草笛さんが体力の衰えを自覚して、週に1回、筋トレとストレッチを中心としたトレーニングを始めたのは72歳のとき。年を重ねるにつれ、だんだん思い通りにならなくなる体と真摯に向き合いながら、老いって何だろうと考えるようになった草笛さんが、80代でたどり着いたのが、「老いとは“おっくう”との闘いである」という結論でした。
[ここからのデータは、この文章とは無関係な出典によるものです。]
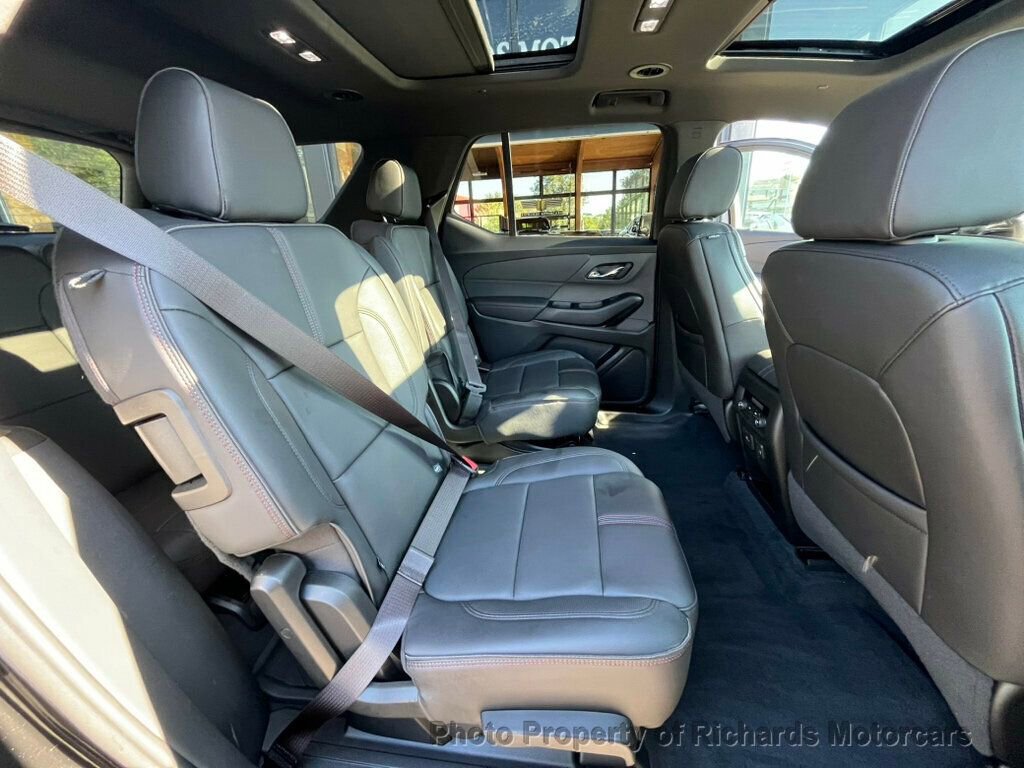 Used 2024 Chevrolet Traverse RS w/ LPO, Floor Liner Package image 18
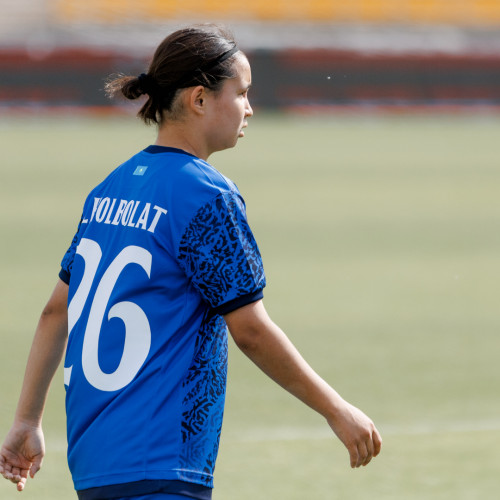 Kazakhstan W vs Kyrgyzstan W Photos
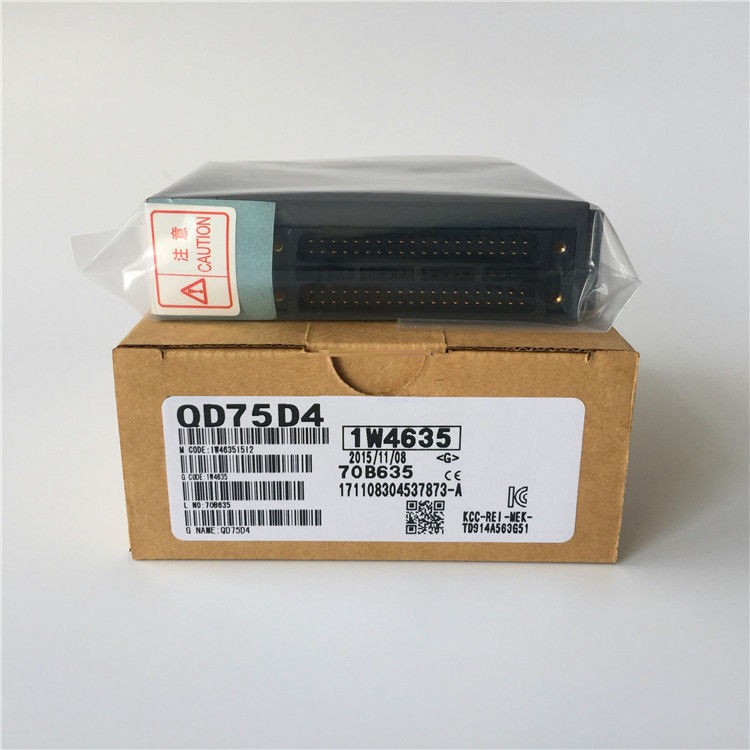 Brandneues MITSUBISHI SPS-Modul QD75D4 IN BOX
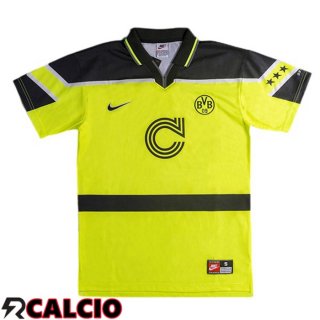 Maglia Dortmund BVB Retro Champions League Giallo 1996-1997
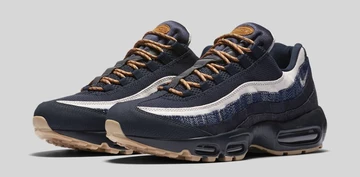 Nike Air Denim Pack - new pictures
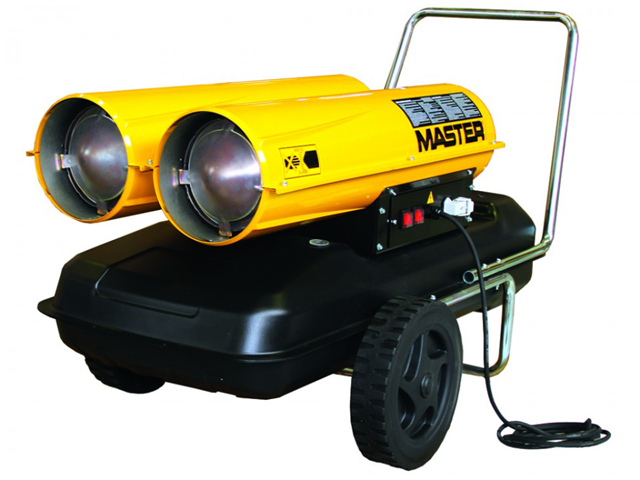 Oferta turbine cu aer cald MASTER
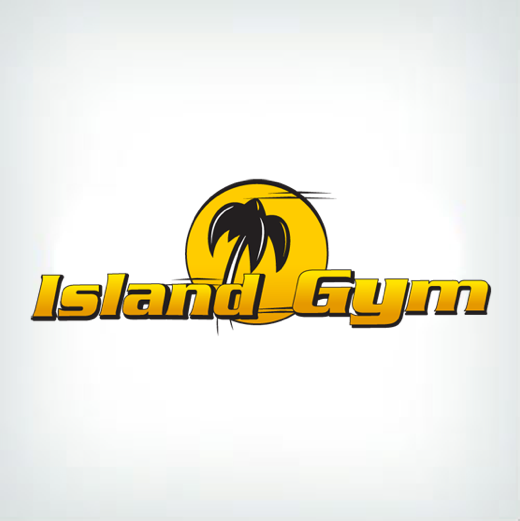  Island Gym Logo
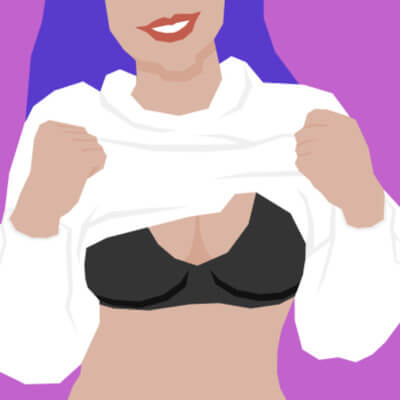 Play Sexy Ellies Quiz Sex Game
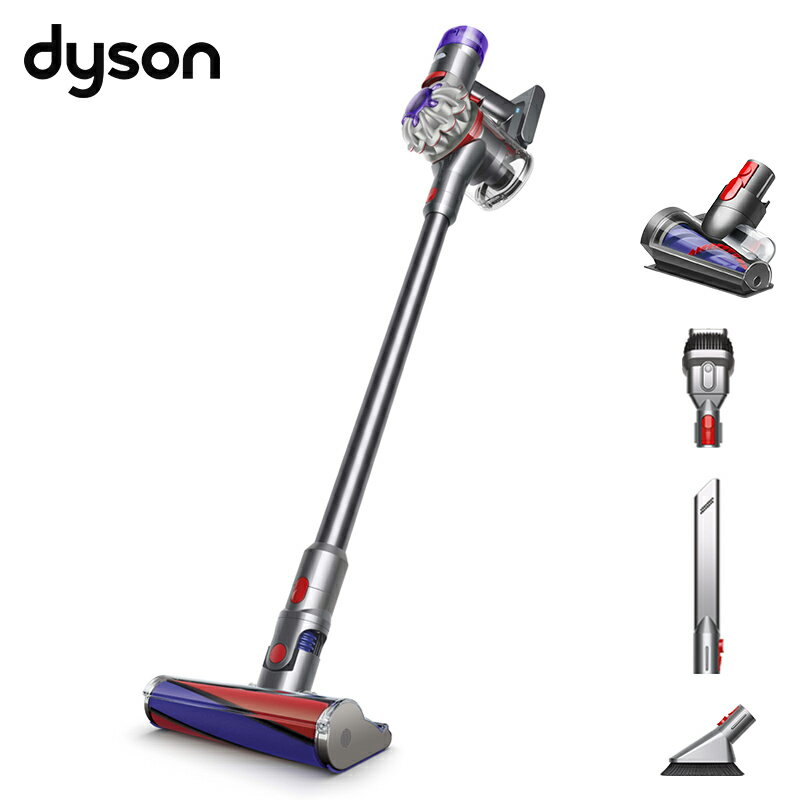 楽天市場】Dyson ダイソン SV12ABL Dyson V10 Absolute pro コードレス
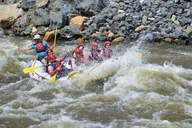 Idaho Springs Rafting Adventure 2.5 Hr thumbnail 1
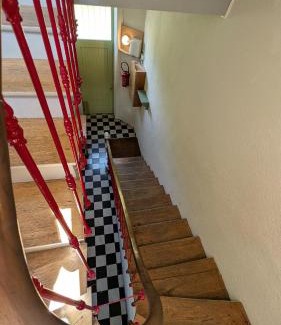 Vals-les-Bains House | Grand Gîte La Buissonnière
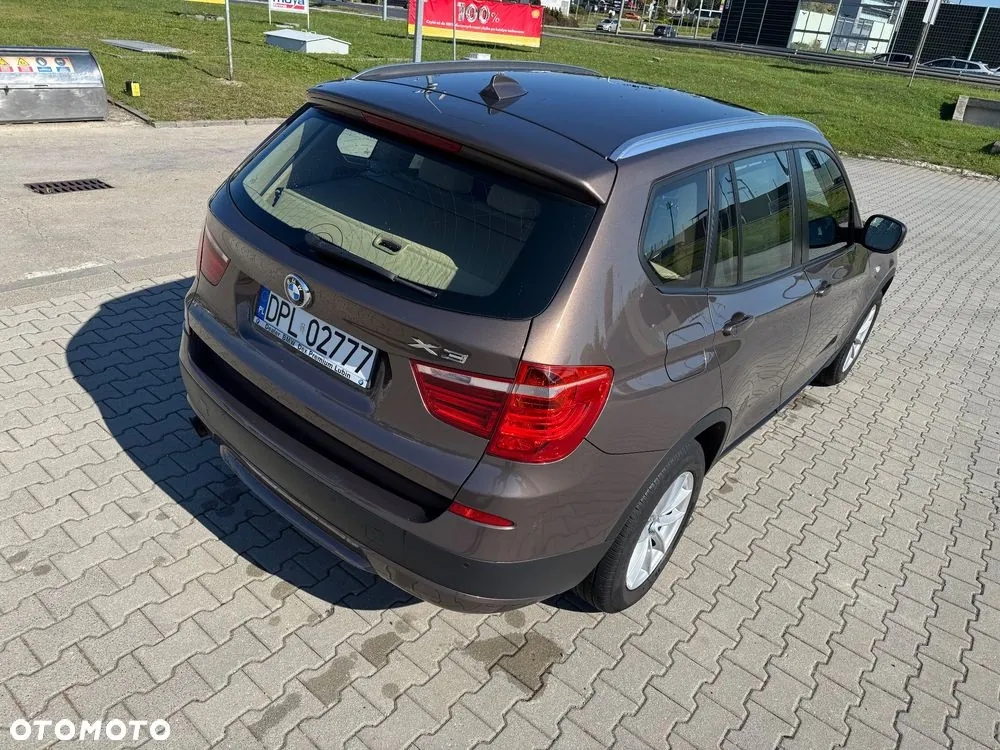 BMW X3 2012 photo 3
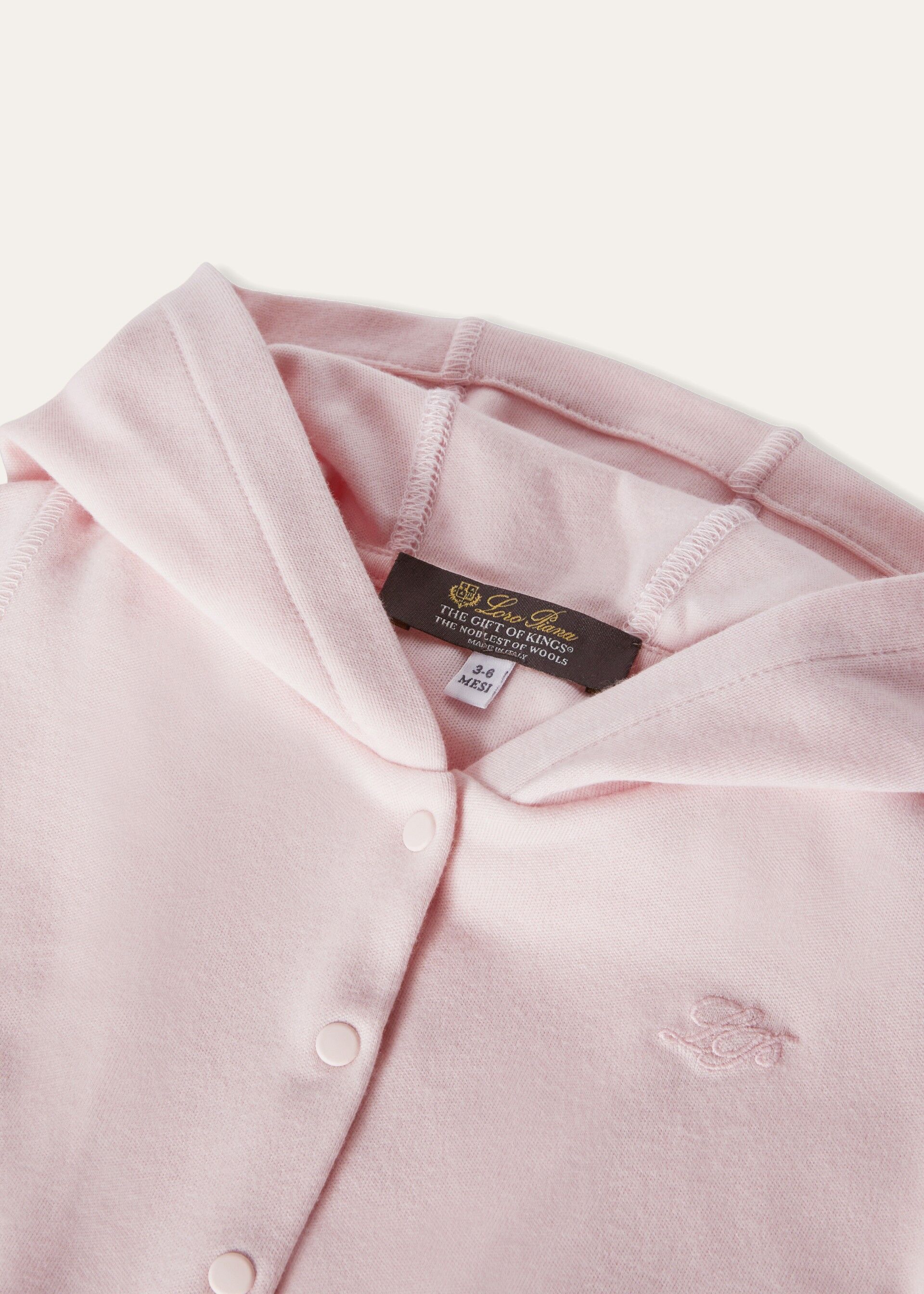 MY FIRST GOK HOODED BOMBER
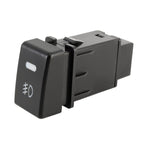 Car Fog Light On-Off Button Switch for Isuzu, with Cable – Durable Build, Easy to Use, For Isuzu, with Cable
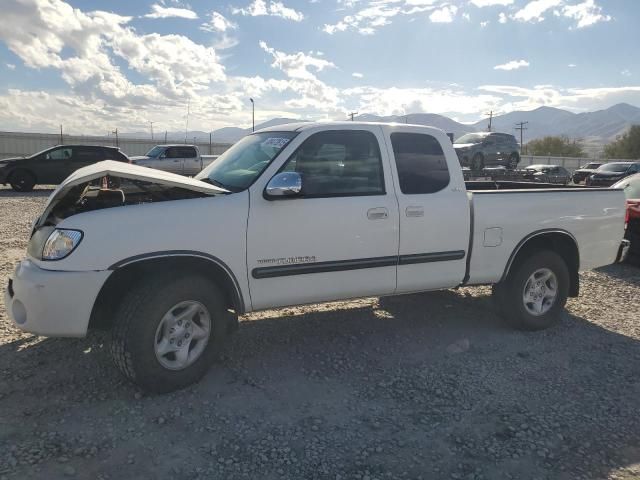 2003 Toyota Tundra SR5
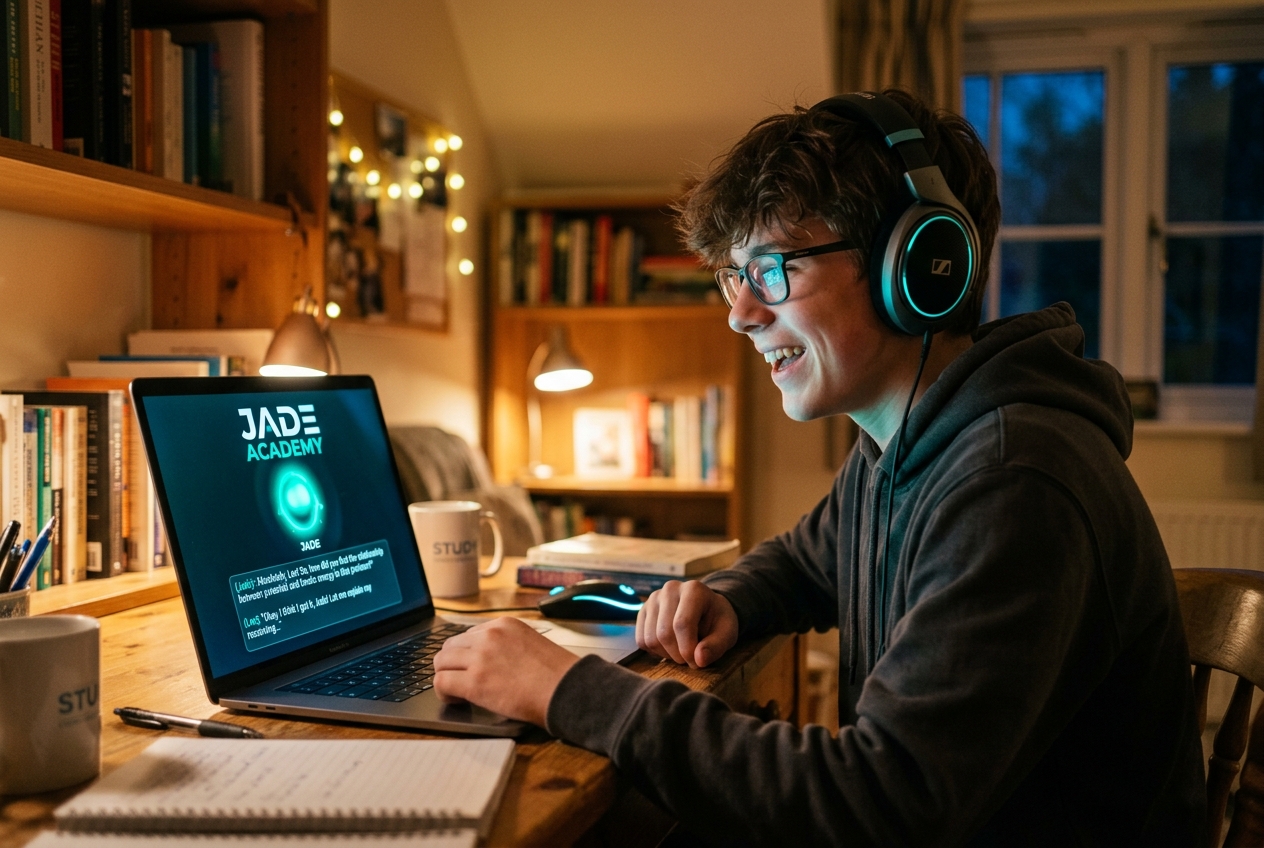 Live AI Instructors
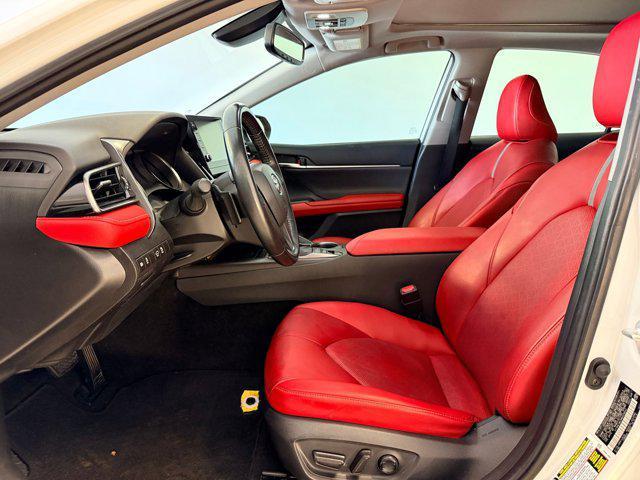 used 2021 Toyota Camry car, priced at $22,999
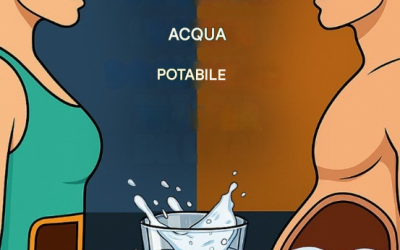 5 ERREURS QUE NOUS COMMETTONS LORSQUE NOUS BUVONS DE L’EAU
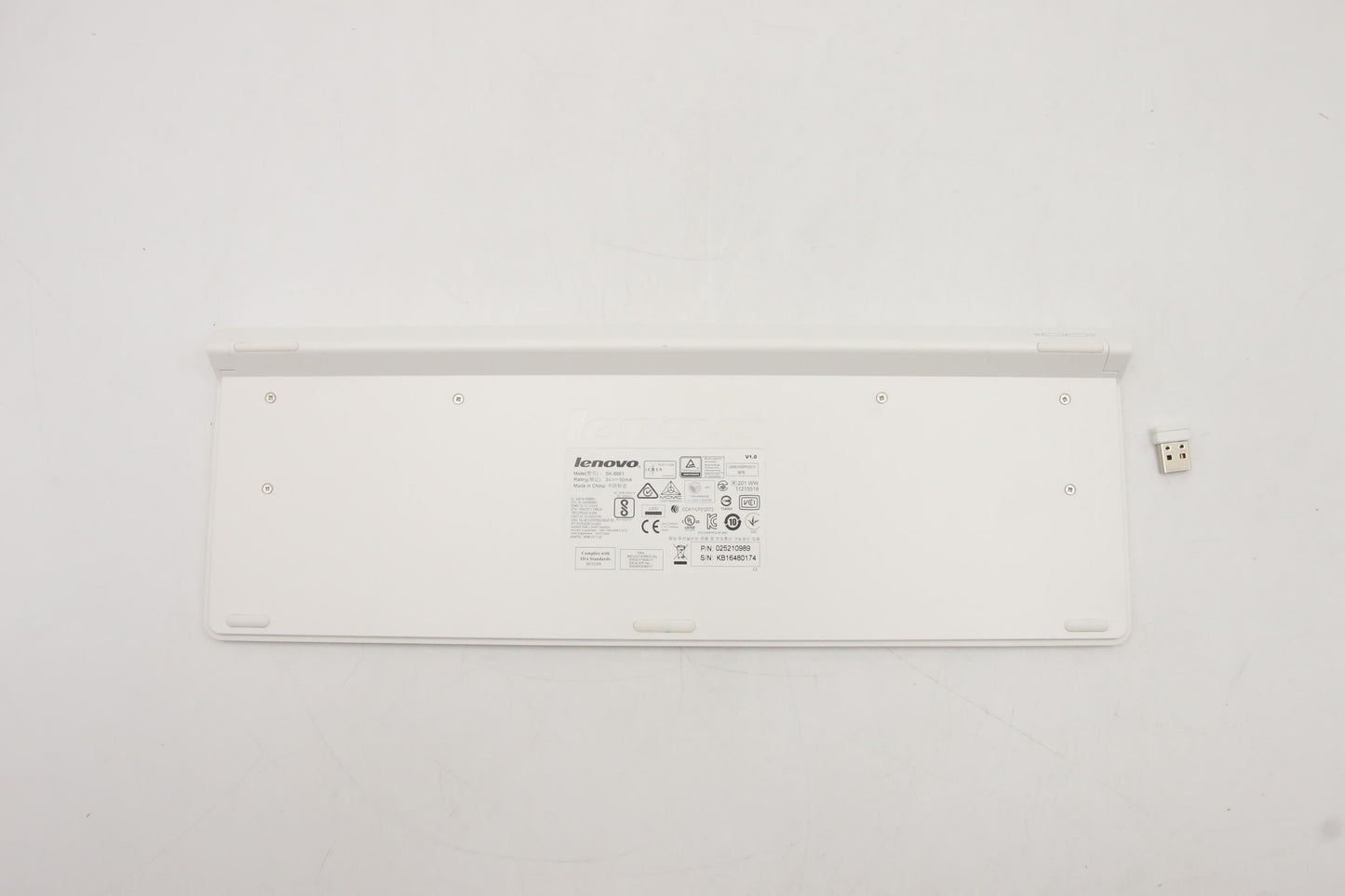 Lenovo Ki Keyboards Internal - 25210989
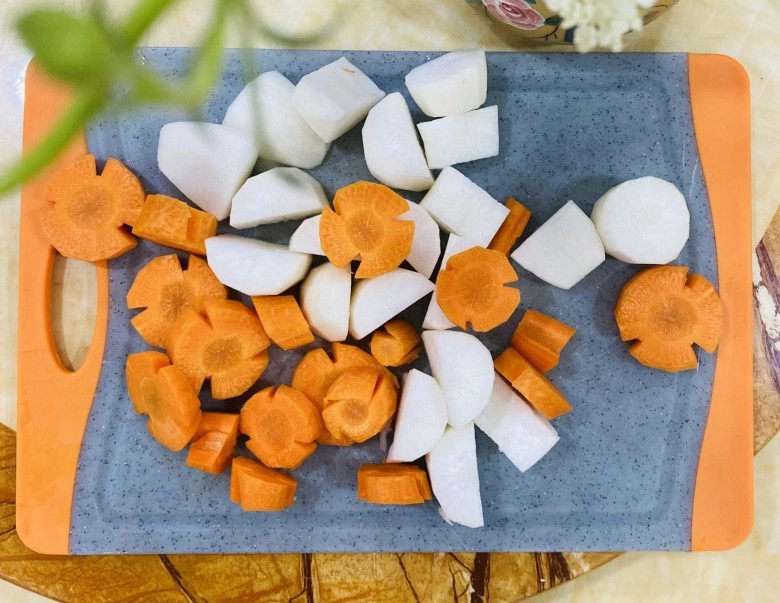 Cách làm bánh canh trảng bàng đặc sản tây ninh thơm ngon hấp dẫn của mẹ đảm sài gòn - 3
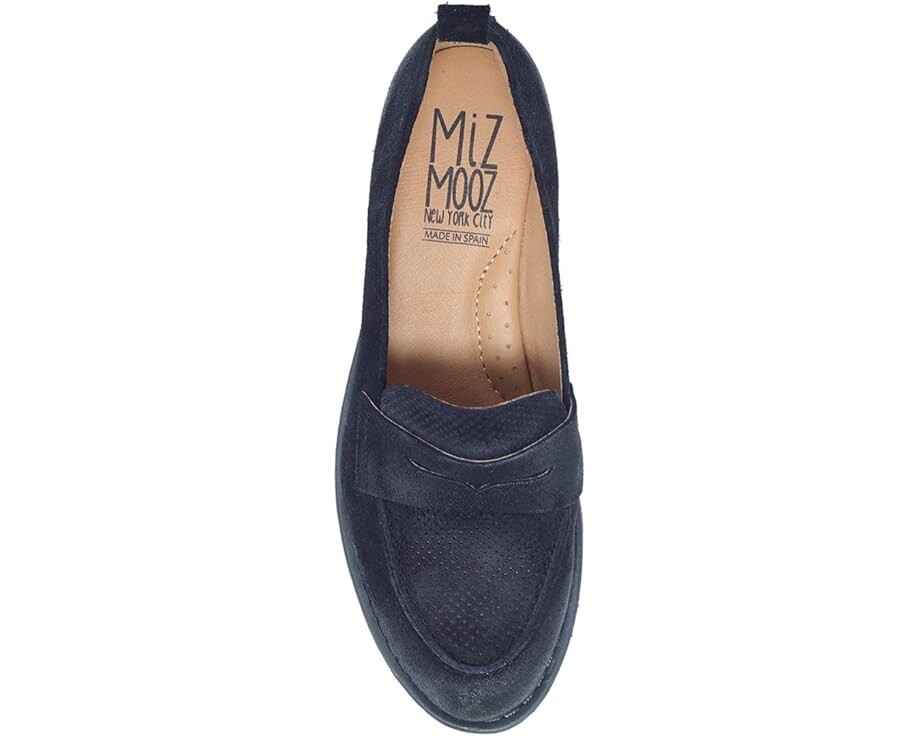 Туфли Miz Mooz Gracie, цвет Black Suede — фото 2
「年を取ると心身が重たくなって、ちょっとしたことがおっくうになる。朝目が覚めて、すぐに『よし、今日もがんばりましょう』とは思えませんよ。つい『もうちょっと寝られるわ』って二度寝したくなる。そこで、おっくうな気持ちをエイヤッと振り払い、いかにやる気になるか。それが私の闘いですね」

毎朝、おっくうとの闘いに負けないために草笛さんが続けている習慣があります。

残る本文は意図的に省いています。